Canada’s top banking regulator is flagging commercial real estate lending as a bigger risk than previously thought as higher interest rates persist and a practice known as co-lending increases.
The Office of the Superintendent of Financial Institutions warned in an Oct. 12 update to its list of the highest risks facing the sector that valuations in a fast-changing landscape could quickly become outdated and that trends including co-lending could increase default risks and recovery values.
Among OSFI’s concerns is that ratings changes appear to be lagging market conditions, suggesting that risk assessments and collateral valuations used by financial institutions “may not appropriately reflect the risk environment.”
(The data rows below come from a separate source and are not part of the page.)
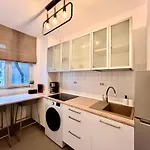 Calea Victoriei Luxe - Elegant With Balcony شقة بوخارست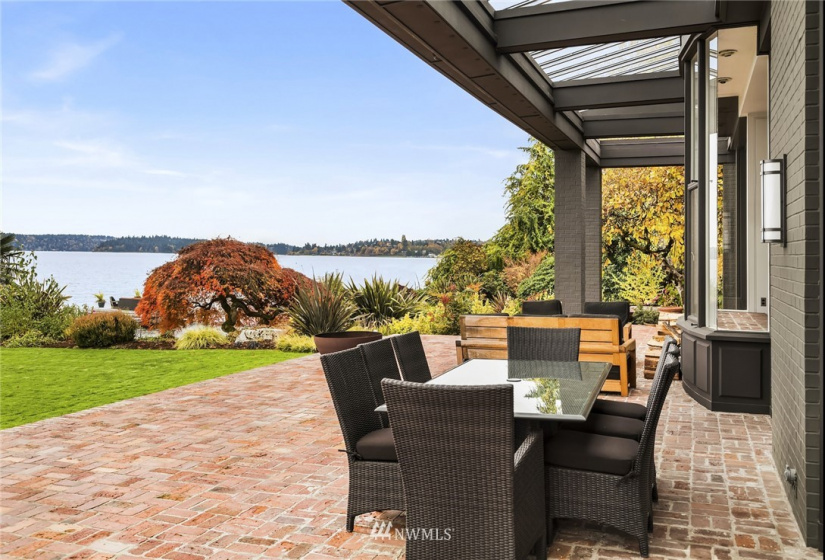 1526 Lakeside, Seattle, Washington 98144, 4 Bedrooms Bedrooms, ,2 BathroomsBathrooms,Residential,For Sale,BURKES 2ND ADD,Lakeside,NWM1875899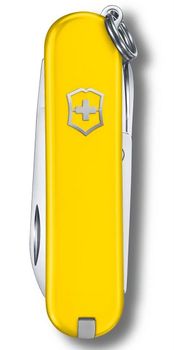 Victorinox Classic SD 0.6223.8G – kompaktowy scyzoryk szwajcarski z 7 funkcjami. Żółta obudowa, długość 58 mm, waga 21 g. Idealny do codziennego użytku.2.jpg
The regulator has alerted the banks that it is taking a closer look at how they are managing commercial real estate loans, and released interim regulatory guidance Sept. 29 that spelled out detailed expectations for processes and procedures including underwriting practices, debt service capacity assessments and portfolio management.
“The outlook remains difficult as seen through an increasing number of strategic defaults in the office space, falling real estate investment trust values relative to their historical net asset value estimates and rising U.S. commercial mortgage-backed securities delinquency and special servicing rates, especially in the office segment,” OSFI said in its Oct. 12 update.
Moreover, the regulator is noticing concerning practices in the commercial real estate market, in particular an increase in the use of co-lending arrangements such as layering and “participation” agreements where risk is “tranched” between multiple lenders and entities.